- Born: Harry Donald Secombe 8 September 1921 St Thomas, Swansea, Wales
- Died: 11 April 2001 (aged 79) Guildford, Surrey, England
- Resting place: Christ Church, Shamley Green, Surrey, England
- Education: Dynevor School, Swansea
- Occupations: Actor; comedian; singer; presenter;
- Years active: 1946–2001
- Television: The Goon Show (Radio) The Harry Secombe Show, Secombe and Friends, Highway Sunday Morning with Secombe
- Spouse: Myra Atherton ​(m. 1948)​
- Children: 4; including Andy
- Relatives: Fred Secombe (brother)

= Harry Secombe =

Welsh entertainer (1921–2001)

Sir Harry Donald Secombe (/ˈsiːkəm/; 8 September 1921 – 11 April 2001) was a Welsh actor, comedian, singer and television presenter. Secombe was a member of the British radio comedy programme The Goon Show (1951–1960), playing many characters, most notably Neddie Seagoon. An accomplished tenor, he also appeared in musicals and films – notably as Mr Bumble in Oliver! (1968) – and, in his later years, was a presenter of television shows incorporating hymns and other devotional songs.

==Early life==
Secombe was born in St Thomas, Swansea, the third of four children of Nellie Jane Gladys (née Davies), a shop manageress, and Frederick Ernest Secombe, a travelling salesman and office worker for a Swansea wholesale grocery business. From the age of 11 he attended Dynevor School, a state grammar school in central Swansea.

His family were regular churchgoers, belonging to the congregation of St Thomas Church. A member of the choir, from the age of 12 Secombe would perform a sketch entitled The Welsh Courtship at church socials, acting as "feed" to his sister Carol. His elder brother, Fred Secombe, became the author of several books about his experiences as an Anglican priest and rector.

==Army service==
After leaving school in 1937, Secombe became a pay clerk at Baldwin's store. With war looming, he decided in 1938 that he would join the Territorial Army. Very short sighted, he got a friend to tell him the sight test, and then learnt it by heart. He served as a Lance Bombardier in No.132 Field Regiment of the Royal Artillery. He referred to the unit in which he served during the Second World War in the North African Campaign, Sicily, and Italy, as "The Five-Mile Snipers". While in North Africa Secombe met Spike Milligan for the first time. In Sicily he joined a concert party and developed his own comedy routines to entertain the troops.

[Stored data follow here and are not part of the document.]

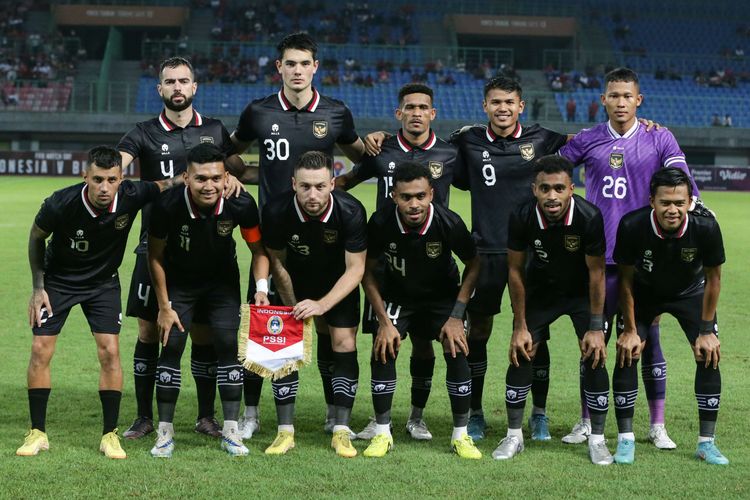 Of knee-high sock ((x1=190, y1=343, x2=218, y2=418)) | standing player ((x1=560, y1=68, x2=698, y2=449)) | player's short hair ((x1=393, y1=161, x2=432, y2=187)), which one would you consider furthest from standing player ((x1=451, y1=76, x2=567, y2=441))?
knee-high sock ((x1=190, y1=343, x2=218, y2=418))

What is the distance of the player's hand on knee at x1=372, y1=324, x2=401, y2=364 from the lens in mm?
6426

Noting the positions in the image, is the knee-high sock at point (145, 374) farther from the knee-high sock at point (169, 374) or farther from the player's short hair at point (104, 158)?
the player's short hair at point (104, 158)

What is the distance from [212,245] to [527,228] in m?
2.00

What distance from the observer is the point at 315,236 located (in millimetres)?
6469

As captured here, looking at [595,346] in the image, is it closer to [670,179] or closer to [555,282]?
[555,282]

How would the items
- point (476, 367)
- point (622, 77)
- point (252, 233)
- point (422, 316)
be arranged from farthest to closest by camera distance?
point (476, 367), point (622, 77), point (422, 316), point (252, 233)

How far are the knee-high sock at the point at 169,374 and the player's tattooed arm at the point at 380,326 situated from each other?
4.02 feet

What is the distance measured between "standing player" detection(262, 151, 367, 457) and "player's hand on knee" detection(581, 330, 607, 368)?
1473 mm

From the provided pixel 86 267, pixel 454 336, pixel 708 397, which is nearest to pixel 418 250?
pixel 454 336

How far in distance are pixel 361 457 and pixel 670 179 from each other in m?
2.50

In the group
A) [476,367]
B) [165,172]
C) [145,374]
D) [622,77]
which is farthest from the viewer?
[476,367]

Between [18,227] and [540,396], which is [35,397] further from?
[18,227]

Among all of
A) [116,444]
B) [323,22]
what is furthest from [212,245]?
[323,22]

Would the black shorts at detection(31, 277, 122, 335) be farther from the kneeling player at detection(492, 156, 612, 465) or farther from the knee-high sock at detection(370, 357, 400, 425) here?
the kneeling player at detection(492, 156, 612, 465) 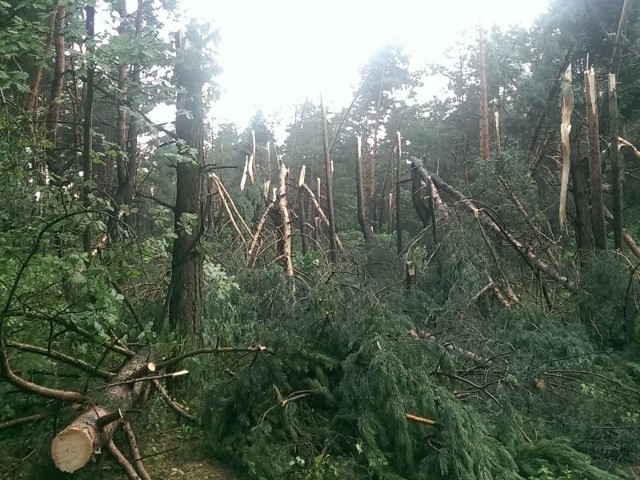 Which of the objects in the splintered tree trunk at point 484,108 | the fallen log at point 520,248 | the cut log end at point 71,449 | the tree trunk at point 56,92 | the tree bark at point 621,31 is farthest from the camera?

When Secombe visited the Falkland Islands to entertain the troops after the 1982 Falklands War, his old regiment promoted him to the rank of sergeant – 37 years after he had been demobbed.

==As an entertainer==
He made his first radio broadcast in May 1944 on a variety show aimed at the military services. Following the end of fighting in the war but prior to demobilisation, Secombe joined a pool of entertainers in Naples and formed a comedy duo with Spike Milligan.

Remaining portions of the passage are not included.